Statistical analysis

For statistical analysis, Microsoft Excel v.2010 and the software programs IBM SPSS v.25.0 and R v3.6. were employed.

Based upon the presence or absence of KD features, the following comparisons were conducted: (A) patients with PIMS and Kawasaki (PIMS-KD) vs. patients with PIMS without Kawasaki (PIMS-non-KD); and (B) patients with PIMS (both with and without Kawasaki [PIMS-all]) vs. patients with Kawasaki without SARS-CoV-2 infection (KD).
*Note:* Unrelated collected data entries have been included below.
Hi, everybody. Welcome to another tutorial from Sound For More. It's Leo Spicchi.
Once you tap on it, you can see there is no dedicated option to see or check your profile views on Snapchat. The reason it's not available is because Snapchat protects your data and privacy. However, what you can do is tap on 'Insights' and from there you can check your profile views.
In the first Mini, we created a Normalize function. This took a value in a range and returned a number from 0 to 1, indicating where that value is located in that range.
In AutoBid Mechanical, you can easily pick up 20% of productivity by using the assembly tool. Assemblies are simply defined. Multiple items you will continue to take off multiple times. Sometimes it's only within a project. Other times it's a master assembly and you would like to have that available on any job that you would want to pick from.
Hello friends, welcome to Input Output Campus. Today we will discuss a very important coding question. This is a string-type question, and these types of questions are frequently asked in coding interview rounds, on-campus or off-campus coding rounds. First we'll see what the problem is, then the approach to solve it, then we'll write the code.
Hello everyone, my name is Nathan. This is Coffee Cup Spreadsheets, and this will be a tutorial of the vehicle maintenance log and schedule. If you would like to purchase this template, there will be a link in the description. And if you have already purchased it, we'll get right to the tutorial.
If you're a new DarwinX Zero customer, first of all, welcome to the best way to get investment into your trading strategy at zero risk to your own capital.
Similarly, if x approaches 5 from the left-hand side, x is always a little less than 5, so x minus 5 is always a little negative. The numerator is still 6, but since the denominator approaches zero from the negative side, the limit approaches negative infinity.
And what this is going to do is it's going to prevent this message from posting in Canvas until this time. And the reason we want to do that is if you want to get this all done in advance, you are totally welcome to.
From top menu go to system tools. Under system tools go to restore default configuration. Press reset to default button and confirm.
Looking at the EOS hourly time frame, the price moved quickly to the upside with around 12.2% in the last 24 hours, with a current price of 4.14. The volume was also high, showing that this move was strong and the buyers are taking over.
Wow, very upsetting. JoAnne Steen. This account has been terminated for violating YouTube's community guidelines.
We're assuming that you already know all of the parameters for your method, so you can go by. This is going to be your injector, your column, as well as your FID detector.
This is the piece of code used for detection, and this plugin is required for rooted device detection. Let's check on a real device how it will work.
Sociodemographic characteristics were described by absolute and relative frequencies for categorical variables, while continuous variables were described by median and first/third quartile. Group differences among these variables were tested using Fisher's exact test for categorical variables and Wilcoxon rank-sum test for continuous variables. In addition, group differences were assessed with respect to preliminary diagnoses on admission, comorbidities, symptoms, diagnostic procedures, laboratory findings, therapies and outcomes. Differences regarding the probability of occurrence in the event of binary variables, as well as regarding median values in the event of continuous variables, were estimated. Confidence intervals and p-values were derived by the Wald method for differences in probabilities, as well as by the bootstrap method with 1000 replications for differences in median values. To adjust group differences between KD and PIMS-all patients on the basis age and sex, we used linear regression analysis for continuous outcomes and logistic regression analysis for binary outcomes. The significance and confidence levels were set to 0.05 and 0.95, respectively.